# Hatchet



## RAXL (Jul 9, 2004)

Anybody make it to see the new Kane Hodder/Robert Englund/Tony Todd-homage to Friday the 13th movie- Hatchet yet? 
It had it's somewhat limited nationwide opening this weekend.:voorhees:


----------



## RAXL (Jul 9, 2004)

_FINALLY_ saw Hatchet today. 
Great fun, lots of gore. By all means see the unrated directors cut.

My only problem, and I saw this coming about 15 seconds before it hit, was the ending. For a movie that prides itself on "old school American horror", I was really disapointed to see a totally "new school" ending.
Oh, well, it's a minor quibble, and one many people may not even care about.

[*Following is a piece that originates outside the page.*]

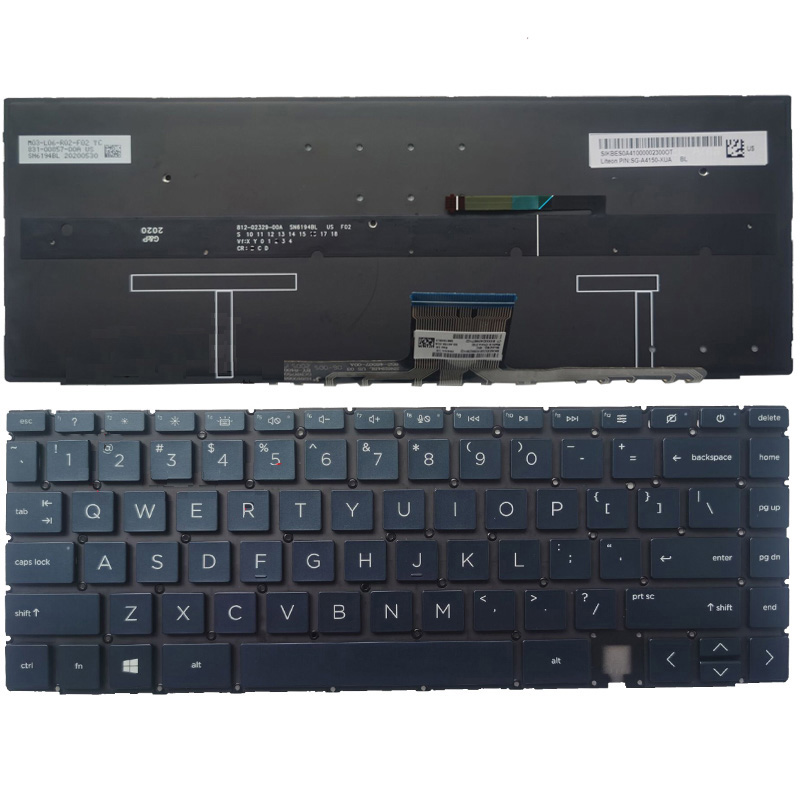 New HP Spectre x360 14-EA 14-EA0023DX 14-EA0047NR 14-EA1023DX Keyboard US Blue With Backlit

You should certainly check it out. I guarantee you will like it more than that crap ass remake/sequel of Friday the 13th they're currently working on.:voorhees:


----------



## Sinister (Apr 18, 2004)

> You should certainly check it out. I guarantee you will like it more than that crap ass remake/sequel of Friday the 13th they're currently working on.:voorhees:


Yeah, Rob, I know your ass will be plopped down in a theater seat the second this flick hits on Friday, Feb. 13th 2009. :voorhees: :ninja:


----------